Single by Helena Paparizou

from the album Iparhi Logos: Platinum Edition
- Released: May 2007
- Recorded: 2007
- Genre: Pop
- Length: 3:26
- Label: Sony BMG Greece/RCA
- Songwriter: Eleni Vrahali
- Producer: Giannis Christodoulopoulos

Elena Paparizou minor singles chronology
| "Teardrops" (2007) | ""Mazi Sou" (2007) | "Min Fevgeis" (2007) |

= Mazi Sou (song) =

"Mazi Sou" (Greek: Μαζί Σου; With You) is a song by Greek artist, Helena Paparizou.

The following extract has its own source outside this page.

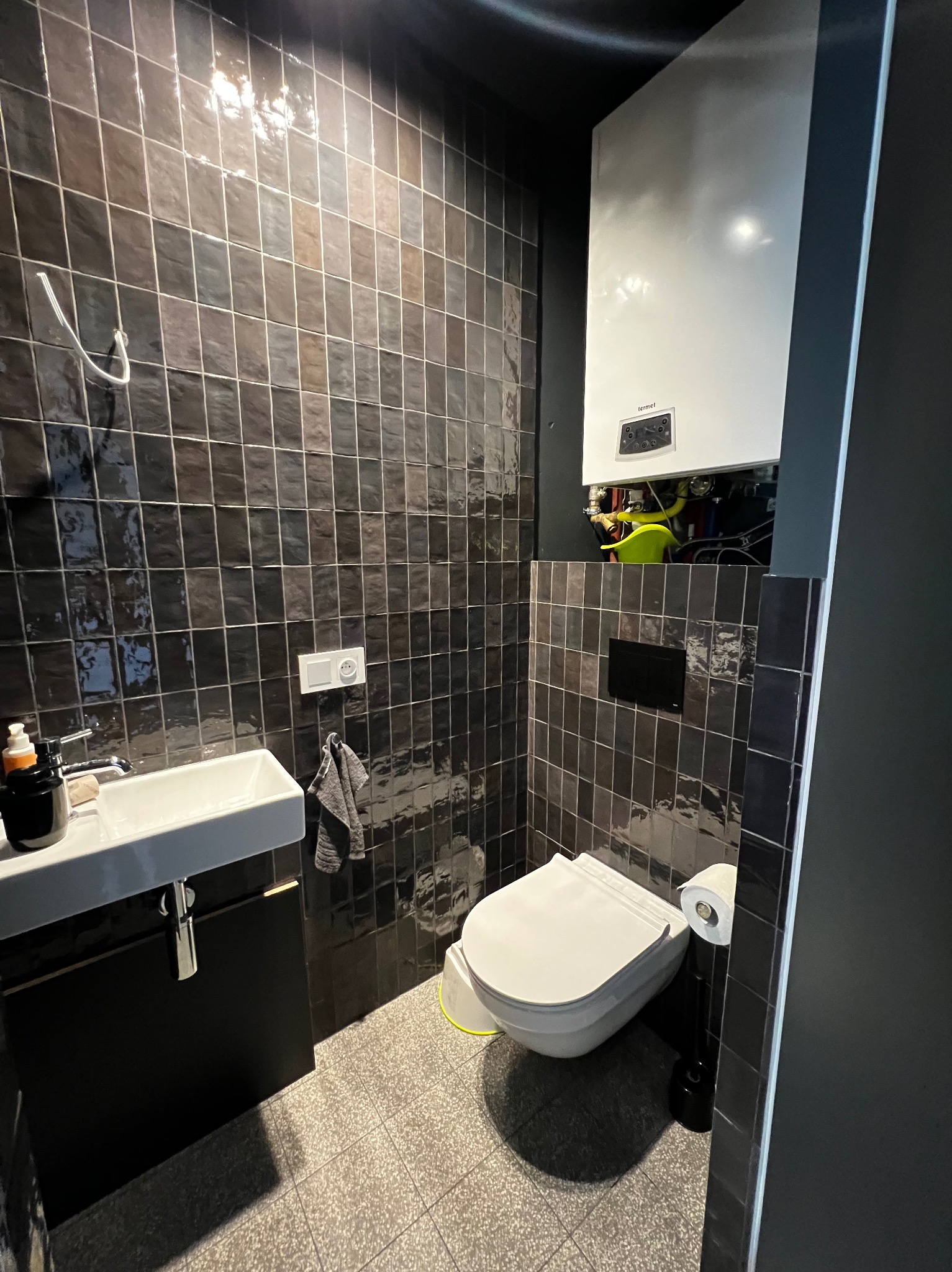 Ciemna łazienka z kwadratowymi, brązowo-czarnymi płytkami na ścianach i podłodze, wisząca umywalka z czarną szafką, toaleta z podwieszanym stelażem i wiszący piec gazowy Terma.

It was released on the official 'Mazi Sou Soundtrack' as a track on the bonus CD of Υπάρχει Λόγος: Platinum Edition album, and was also a promo and radio single.

==Song information==
At first it was released in Greece at the beginning of 2007 as the opening theme tune to Greek TV drama, Mazi Sou. Then It was released on May 18, 2007, on a CD single, "Fos", along with four other new tracks, including "Min Fevgis" and a cover of "Le Temps Des Fleurs".

==Track listing==
1. "Mazi Sou
2. "Na Ksipnao Kai Na Mai Mazi Sou" (Edo Na Zeis)

==Music video==
The music video was directed by Giorgos Gavalos one of the biggest directors in Greece. The video starts showing many scenes from the serial and then Elena starts singing on a lake with many candles around her. Many special effects are used when Elena is singing. Then many scenes are shown changing quickly behind Elena.

==Chart performance==
The song was another commercial success for Elena. It topped the Nielsen's Official Radio Airplay chart in Greece staying at the top for 12 weeks. After the smash success of the song on airplay chart, when the single Fos was released it peaked number one on the Greek Singles Chart and stayed in the chart for 40 weeks.Finally the single was certified Gold.